No one plans on getting into an accident, but it still happens. Besides being physically dangerous, accidents can also hurt you financially. Car insurance companies generally aren’t very generous with their coverage and tend to offer only your vehicle’s market value if it becomes totaled. If you have this kind of coverage, you might be stuck paying the remaining loan balance after your insurance company pays your car’s worth to the lien holder.

However, if you have gap insurance, that scenario can be avoided. It saves you from owing your lender money on a new car if you do get into an accident. If your car gets totaled, gap insurance can cover the rest of whatever you owe on that vehicle.

Gap insurance can be a financial godsend if your new vehicle is considered a total loss by your insurance company. Once your insurance company pays fair market value of your vehicle to your lienholder, your gap insurance provider will pay the remaining amount of what you owe. This ensures that your lien holder will be made whole, and you won’t be held accountable for paying off the balance you still owed on your auto loan.

Certain lenders recommend you buy gap insurance when you get a new vehicle – mainly so that they can relax knowing they’ll make back their money if the vehicle gets demolished. If you don’t already have gap insurance on your car, your lienholder may track you down for the difference between what your insurance company pays and the amount that is still owed on your car loan.

Most lenders usually charge a flat fee of $500 to $700 for gap insurance, according to Trusted Choice1. If you combine the insurance with your loan at the dealership, you’ll pay interest on its cost, making it a poor financial decision. It’s a much more affordable idea top pay for gap insurance in one shot rather than combine it with your loan – it’s also possible to find cheaper options for this kind of insurance by searching online rather than buying it at the car dealership.

How Does It Help?

While you may not have previously considered purchasing gap insurance, it’s likely an investment that you’ll cash in on. While it isn’t entirely necessary, it’s still a good idea to get, particularly if you make a minimal or no down payment on your new car purchase.

If you finance your car for 60 months or longer, gap insurance can come in handy. In this case, you’ll pay off the car premium much more slowly, giving your vehicle the ability to depreciate quicker than your loan balance reductions.

How Do I Get A Good Deal on Gap Insurance?

One of the most foolproof way to save money on car insurance is to look for deals elsewhere than at the car dealership. Dealerships usually jack up the price for gap insurance, selling it as an add-on to your car purchase. Try to avoid rolling gap insurance into your car loan. Add the two together, and you’ll end up paying much more in interest.

Instead, research online. You’ll find there are plenty of independent companies that sell gap insurance for as low as $185 as a one-time purchase, based on purchases made at Gap Direct.2 This will save you cash, and also allow you to compare different options online with different providers.

Talk to your standard auto insurance provider and you may find that you can save much more than anticipated.
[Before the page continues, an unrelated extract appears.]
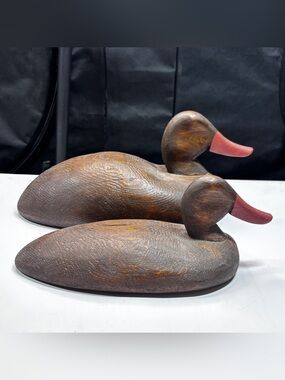 Vtg Antique Duck Decoys Pair Carved Wood Redish Beak Country Hunting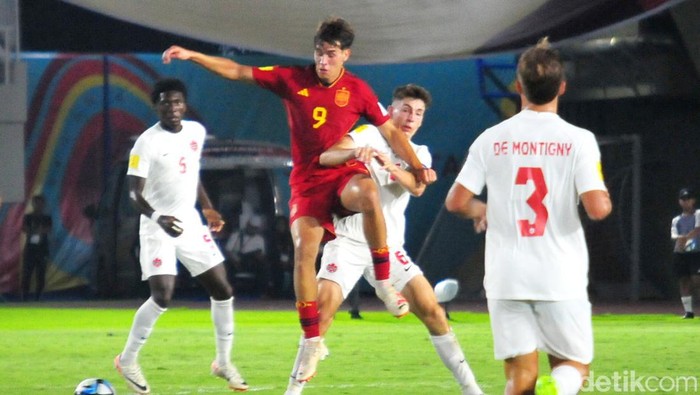 Laga timnas Spanyol melawan Kanada di stadion Manahan Solo, Jumat malam.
It’s not unheard of for providers to let you add gap insurance to your policy in addition to your comprehensive and collision coverage. Do this, and you’ll wind up with more money in your account every month.

Gap insurance is a great, and often overlooked, way to help you save some money once you’ve purchased your new vehicle. It can help protect you if your car gets totaled in an accident or natural disaster, and can also offer protection if someone breaks in and steals your car. Choose not to purchase gap insurance, and you risk being roped into paying regular payments to your loan lender even if you end up losing your vehicle in an accident.